#### WHAT YOU WILL DO:
Of the entries below, return only those lines from the line with "Villa zum Kauf" to the line with "2015 AUDI Q5 WA1CMAFP9FA128021 Photo 2", exactly, both included.
INFORMATION SUPPLIED: Begin
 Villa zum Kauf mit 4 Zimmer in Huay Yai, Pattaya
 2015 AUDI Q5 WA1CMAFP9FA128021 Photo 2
INFORMATION SUPPLIED: End
INFORMATION SUPPLIED: Begin
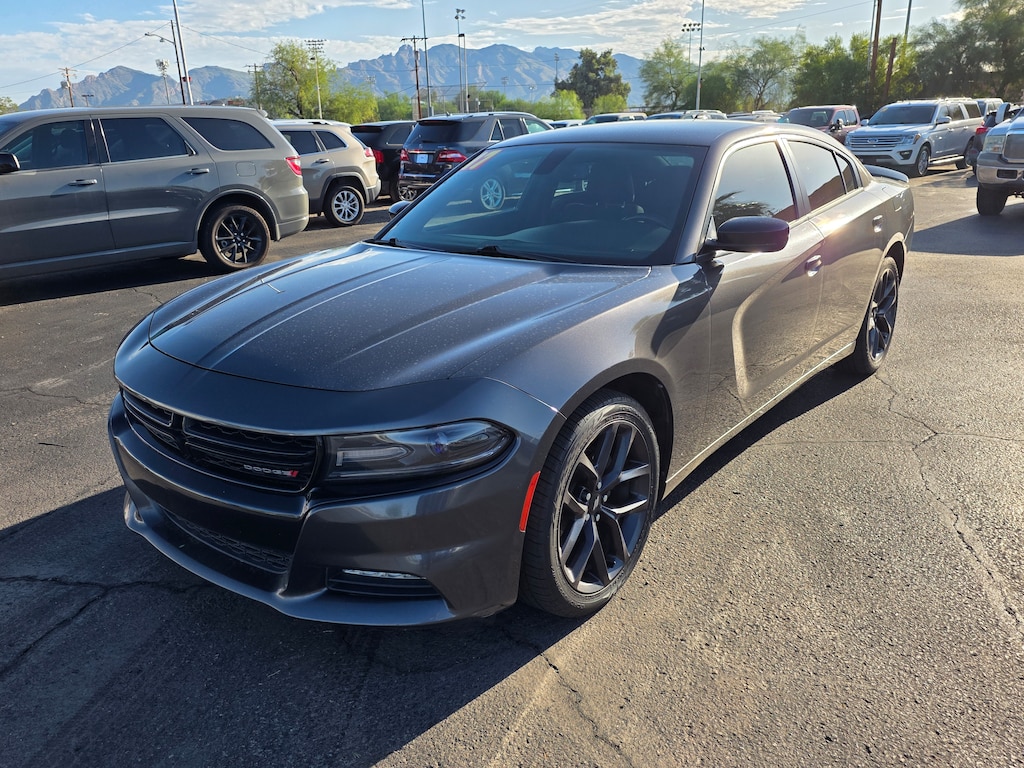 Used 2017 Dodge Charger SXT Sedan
INFORMATION SUPPLIED: End
INFORMATION SUPPLIED: Begin
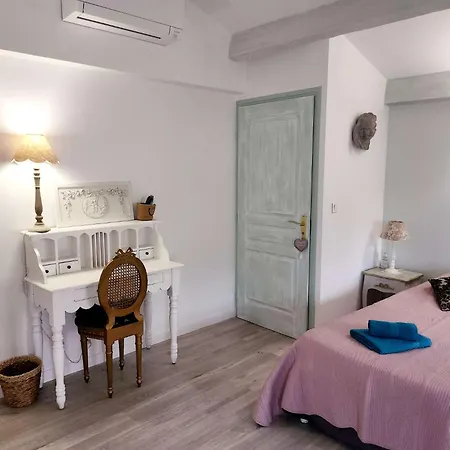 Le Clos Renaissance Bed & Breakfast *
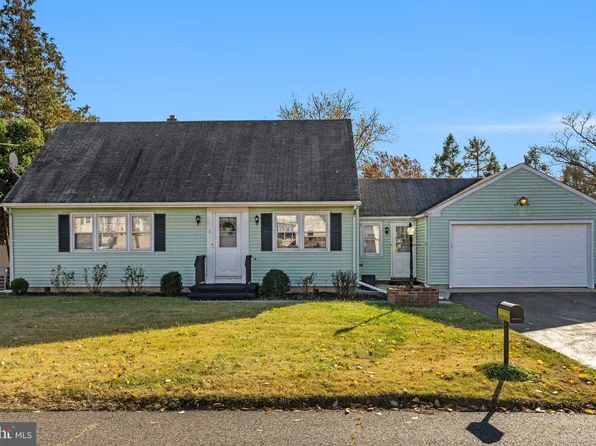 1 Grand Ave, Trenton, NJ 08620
INFORMATION SUPPLIED: End
#### RESULT OF THIS EXERCISE:
 Villa zum Kauf mit 4 Zimmer in Huay Yai, Pattaya
 2015 AUDI Q5 WA1CMAFP9FA128021 Photo 2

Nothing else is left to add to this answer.